Member of the Illinois House of Representatives from the 74th district
- In office 1993 – January 11, 2017
- Preceded by: David Hultgren
- Succeeded by: Daniel Swanson

Personal details
- Born: February 18, 1947 (age 79) Galesburg, Illinois, U.S.
- Party: Republican
- Spouse: Carolyn

= Donald L. Moffitt =

American politician

Donald L. Moffitt (born February 18, 1947) is a former Republican member of the Illinois House of Representatives, representing the 94th District from 1993 to 2003 and the 74th district from 2003 until 2017.

==Biography==
Donald L. Moffitt was born February 18, 1947 in Galesburg, Illinois. He is a graduate of the University of Illinois.
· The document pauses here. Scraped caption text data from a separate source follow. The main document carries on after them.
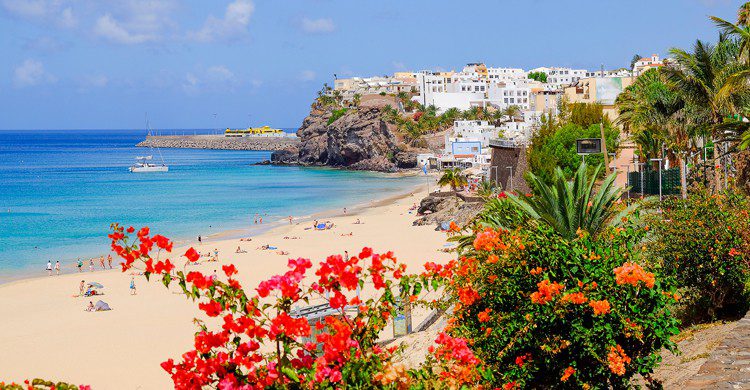 Côte de la plage de Morro del Jable à Fuerteventura en Espagne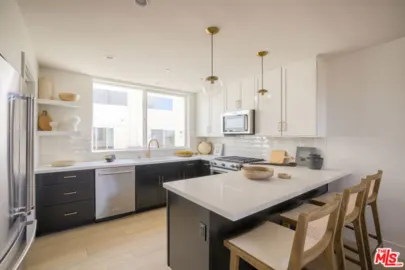 11222 W Victory Boulevard #2 Photo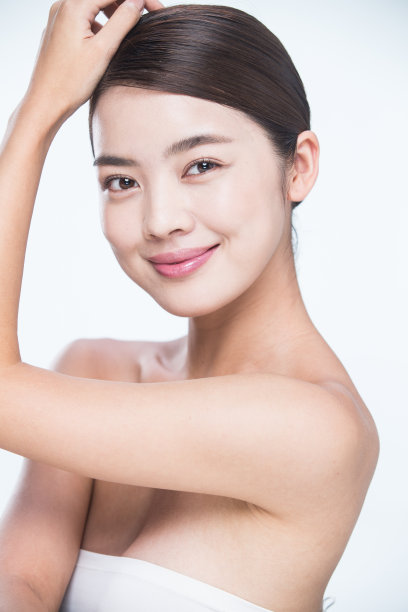 青年女人妆面肖像图片下载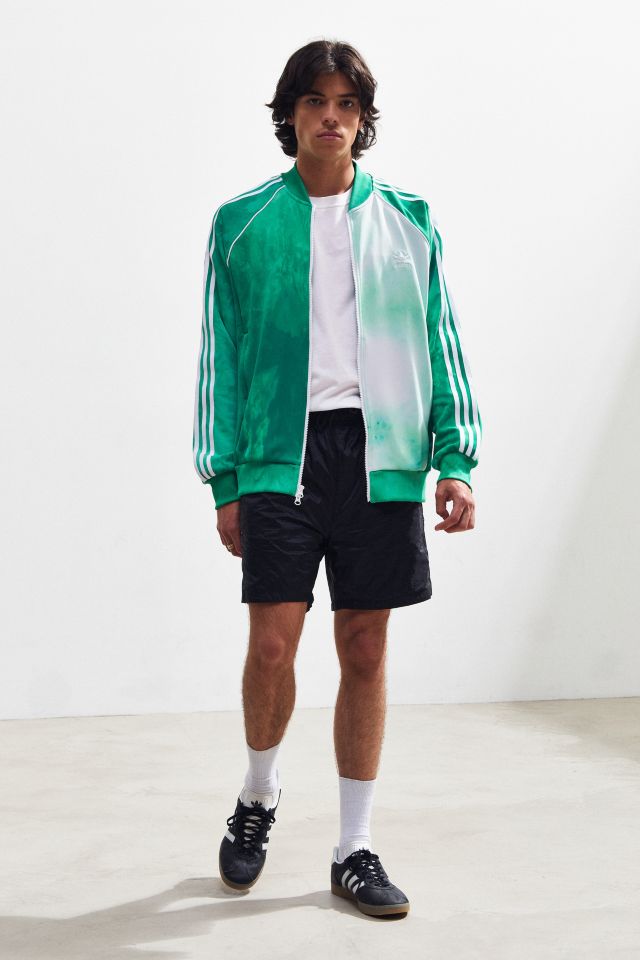 🍃 #pharrell rocking a sharp green #louisvuitton jacket! 👌Always bringing  that signature style! #FashionIcon #PharrellStyle 📸 @enzoply / …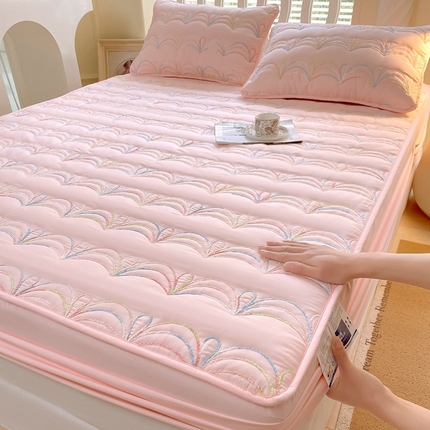 91家纺网 家纺一手货源 找家纺 （总）尊康家纺（原磊科） 2024新款奶昔棉抗菌夹棉床笠-波浪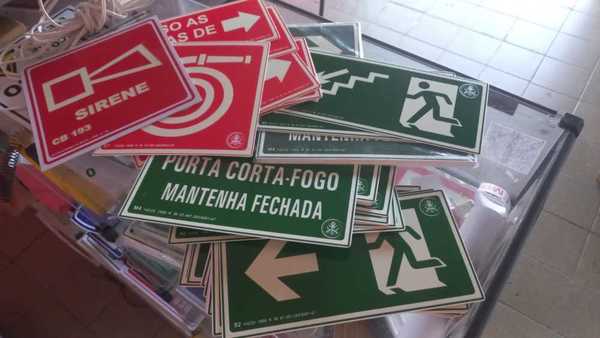 foto 4 de Adesivo e Cia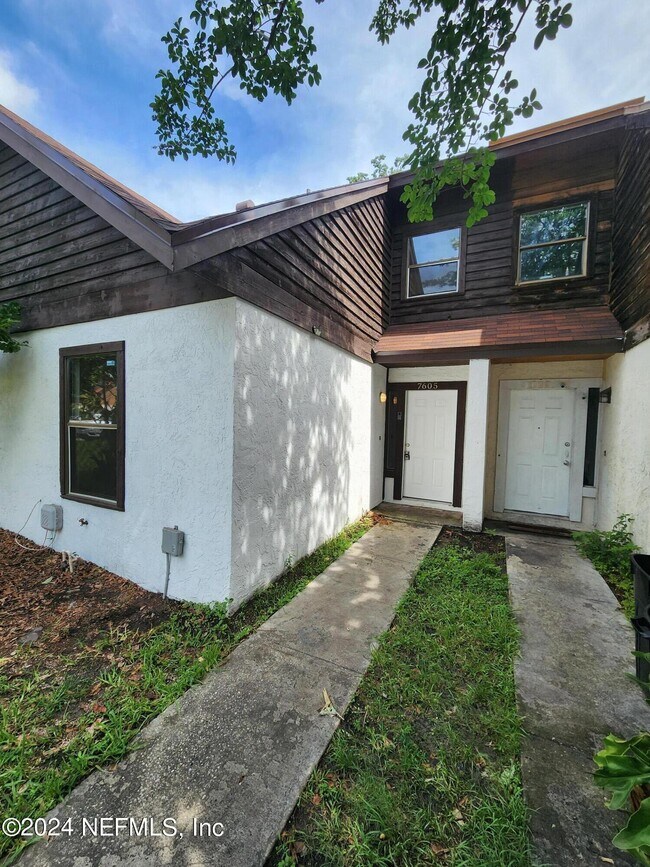 Building Photo - 7605 Melissa Ct W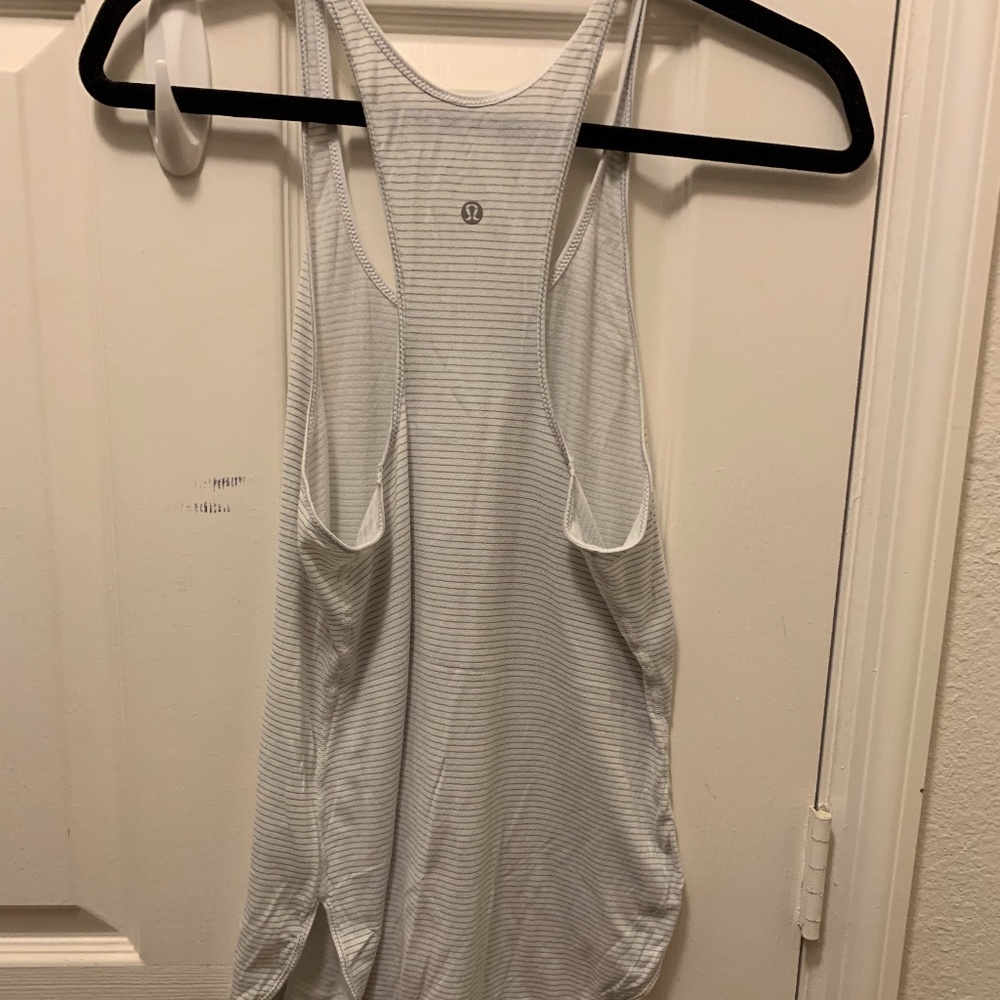 Lululemon Workout Top - Picture 2 of 2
Moffitt served as an alderman and mayor of Oneida, Illinois. He moved from Oneida to Knoxville in 1976. He was elected alderman from the 1st ward in Knoxville the next year. Moffitt also previously served as Knox County Treasurer from 1984 to 1993, Knox County Board Chairman from 1982 to 1984, and a Knox County Board member 1978 to 1982.

He was elected to the Illinois House of Representatives in 1992 and took office in January 1993. In a committee appointment that crossed party lines, Speaker Michael J. Madigan made him chairman of the House Committee on Fire Protection in 2010.

In 2015, Moffitt announced he would not run for reelection in the 2016 election. He was succeeded by fellow Republican Dan Swanson, the superintendent of the Henry County Veterans Commission. On January 24, 2017, Governor Bruce Rauner nominated Moffitt to become the assistant director for the Illinois Department of Agriculture. However, the appointment was withdrawn on July 4, 2017.

In 2012, the City of Galesburg renamed an overpass the Donald L. Moffitt Overpass in his honor.